II. Liability Under the Fair Debt Collection Practices Act

The only specific subsections of the FDCPA that are claimed to apply in this case are: 15 U.S.C. § 1692f(1) (prohibiting collection of fees that are not "expressly authorized by the agreement creating the debt or permitted by law"); 15 U.S.C. § 1692f (prohibiting the use of "unfair or unconscionable means to collect or attempt to collect any debt"); 15 U.S.C. § 1692e(2)(A) (prohibiting the misrepresentation of "the character, amount, or legal status of any debt"); U.S.C. § 1692e(10) (prohibiting the "use of any false representation or deceptive means to collect or attempt to collect any debt or to obtain information concerning a consumer"); and 15 U.S.C. § 1692e (prohibiting the use of "false, deceptive, or misleading representations or means in connection with the collection of any debt"). (Compl. ¶¶ 49-50). The Court will address each subsection in turn.

1. 15 U.S.C. § 1692f

Under the FDCPA, "[a] debt collector may not use unfair or unconscionable means to collect or attempt to collect any debt." 15 U.S.C. § 1692f. Such "unfair and unconscionable means" are defined to include, inter alia, "[t]he collection of any amount (including any interest, fee, charge, or expense incidental to the principal obligation) unless such amount is expressly authorized by the agreement creating the debt or permitted by law." Id. § 1692f(1). In Tuttle v. Equifax Check, 190 F.3d 9 (2d Cir. 1999), the Second Circuit devised a three-part test to determine whether a charge runs afoul of subsection 1692f(1):

If state law expressly permits service charges, a service charge may be imposed even if the contract is silent on the matter;

If state law expressly prohibits service charges, a service charge cannot be imposed even if the contract allows it;

If state law neither affirmatively permits nor expressly prohibits service charges, a service charge can be imposed only if the customer expressly agrees to it in the contract.
Id. at 13 (emphasis in the original). Plaintiff concedes that the collection fee assessed in this case is not expressly prohibited under New York law, and that the third Tuttle prong therefore applies.

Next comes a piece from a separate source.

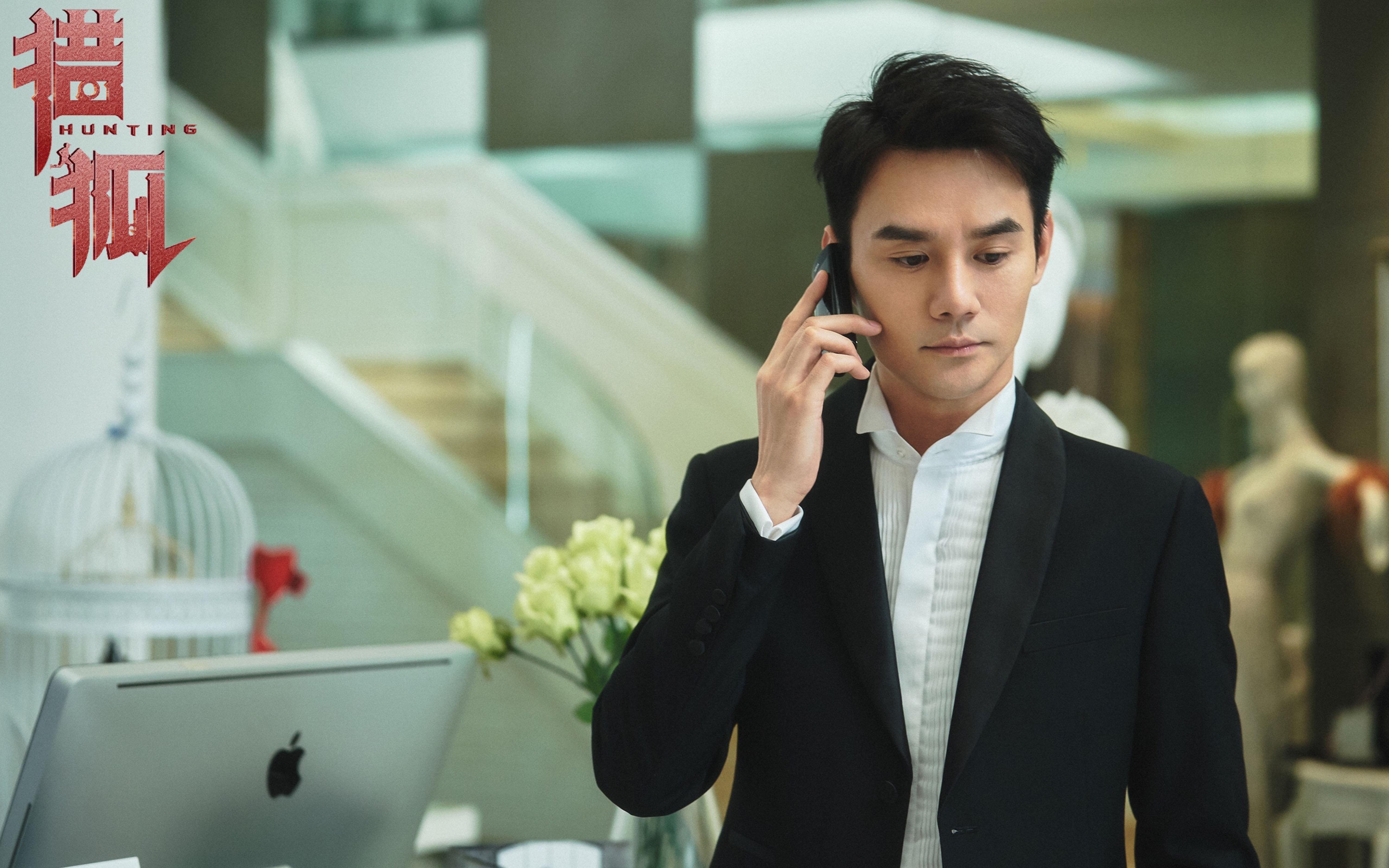 枪手交易背后的暗线,马里离队夜,厄德高照亮全场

Plaintiff has failed to show that there exists a triable issue of fact as to whether ERC violated 15 U.S.C. § 1692f(1). It is undisputed that Collection Fee Provision reproduced above governs the Verizon account and unambiguously imposes a fee, "calculated at the maximum percentage permitted by applicable law, not to exceed 18 percent," in the event that the debtor "fail[s] to pay on time and Verizon Wireless refers [the debtor's] account(s) to a third party for collection." The contract specifies that the fee is "due at the time of the referral," which in this case occurred on May 21, 2015. Accordingly, the fee was valid and due when the collection letter was sent on May 22, 2015. ERC did not collect or attempt to collect "any amount" that was not "expressly authorized by the agreement." 15 U.S.C. § 1692f(1).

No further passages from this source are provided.